According to the wheel bearing having this structure, the rotation of the inner member 1 which rotates together with a wheel is detected by the magnetic sensor 21 through the magnetic encoder 10 attached to the inner member 1, and thus the rotational speed of the wheel is detected. The magnetic encoder 10 can detect the rotation of the wheel without increasing the number of components because it is employed as a component of the seal device 5. A space at the berating end in the wheel bearing is a narrow limited space because there are the constant velocity universal joint 7 and a bearing supporting member (not shown in figures) therearound. However, the multipolar magnet 14 of the magnet encoder 10 is configured to have high strength and thus can be formed thin, thereby facilitating the arrangement of the rotation detector 2. Sealing between the inner member 1 and the outer member 2 is implemented by slidably contacting the seal lips 17a to 17c which are provided in the second seal plate 16 and by the labyrinth seal 18 which is formed so that the securing portion 13 of the base metal 11 serving as the first seal plate faces the cylindrical portion 16a of the second seal plate 16 through a small space in the radial direction.
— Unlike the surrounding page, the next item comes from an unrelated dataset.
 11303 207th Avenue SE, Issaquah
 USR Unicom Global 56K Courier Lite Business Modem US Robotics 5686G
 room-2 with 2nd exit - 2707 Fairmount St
In the wheel bearing shown in FIGS. 8 and 9, the multipolar magnet 14 of the magnetic encoder 10 is provided outward with respect to the bearing (facing the magnetic sensor 21 in the right side in the figures) as described above, but to the contrary, it may be provided inward with respect to the bearing (facing the magnetic sensor 21 in the left side in the figures). In this case, the base metal 11 is preferably made of a non-magnetic material.
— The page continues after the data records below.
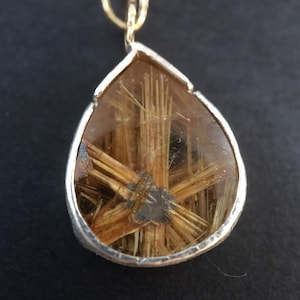 Rutilated quartz pendant, handmade necklace with rutilated quartz, rutilated quartz necklace in silver and gold, drop pendant necklace with
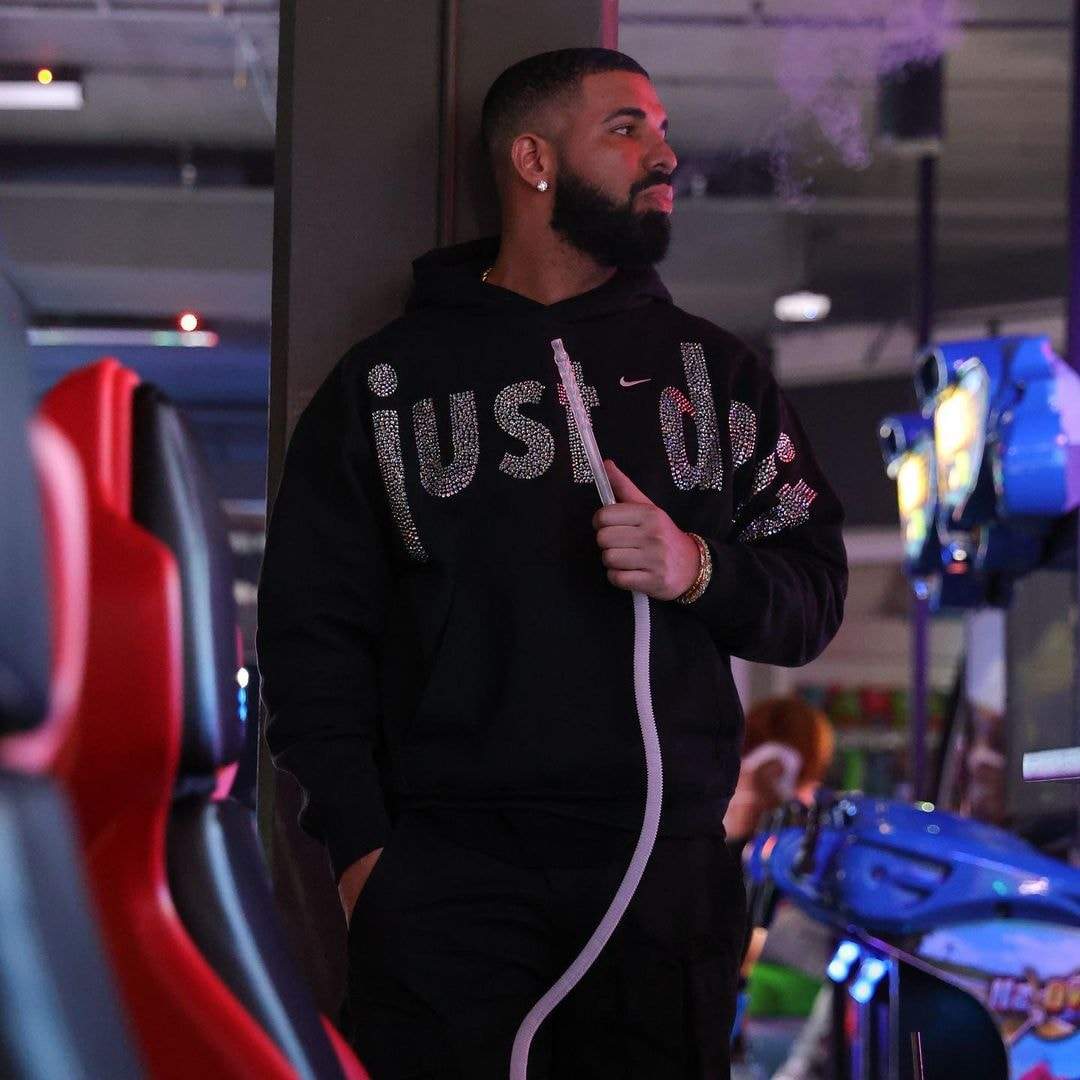 Drake a cerut să-i fie retrase cele două noominalizări la Premiile Grammy. Cântărețul nu își dorește distincția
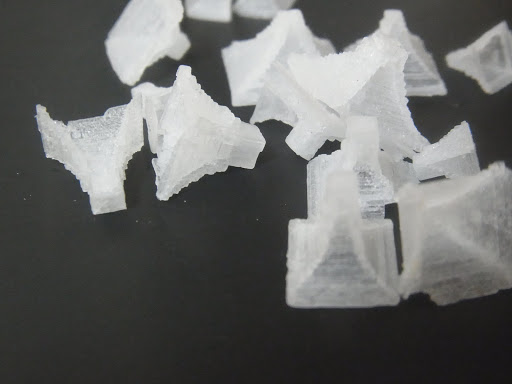 トレミー状（ピラミッド状）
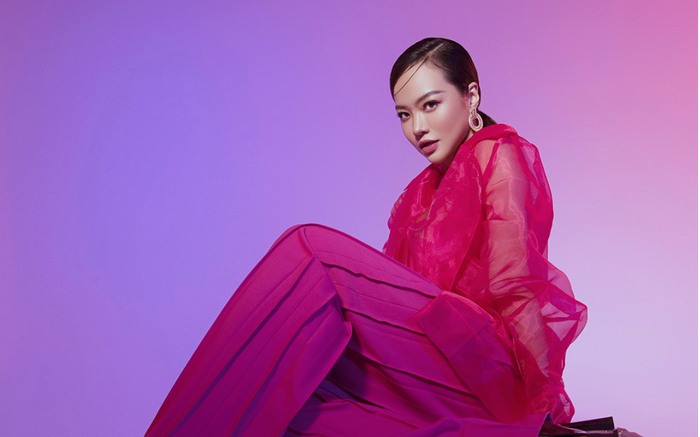 Kiều Ngân đón tuổi mới bằng bộ ảnh gợi cảm, khoe trọn đôi chân 1m11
Moreover, in the magnetic encoder 10, the multipolar magnet 14 is not limited to the one facing in the axial direction but may be provided so as to face in the radial direction, for example as shown in FIG. 10. This figure illustrates a structure in which a fringe portion 12c which extends from one end to the outer circumference side is provided at the attachment portion 12a of the base metal 11 serving as a slinger of the seal device 5, and a securing portion 23 which holds and secures the multipolar magnet 14 to the outer edge of the fringe portion 12c through the contact portion 12d, are provided. In this case, the multipolar magnet 14 is formed not in a disc-like shape but in a cylindrical shape, and held and secured by a holding surface 23a (diameter expanding surface 23b, cylindrical surface 23c, and diameter reducing surface 23d), with the inner circumference surface coming in contact with the contact portion 12d. Note that the magnetic sensor 21 is located so as to face the multipolar magnet 14 in the radial direction.

Note that the magnetic encoder 10 is described as it is employed as a component of the seal device 5 of a bearing in the above embodiments, but the magnetic encoder 10 in each embodiment is not limited to a component of the seal device 5 and can be used for rotation detection alone. For example, the magnetic encoder 10 in the embodiment shown in FIG. 1 may be provided in the bearing, separate from the seal device 5, but not shown in figures.

EXAMPLE

In order to verify effectiveness of the present invention, press-fit tests were performed in which a magnetic encoder (conventional device) with a sintered compact formed by a convention method and magnetic encoders (embodiment device 1 and embodiment device 2) with a multipolar magnet (sintered compact) formed by the method according to the present invention were each subjected to press fit on to a bearing inner ring (corresponding to the inner member 1 shown in FIG. 8), and the results were compared.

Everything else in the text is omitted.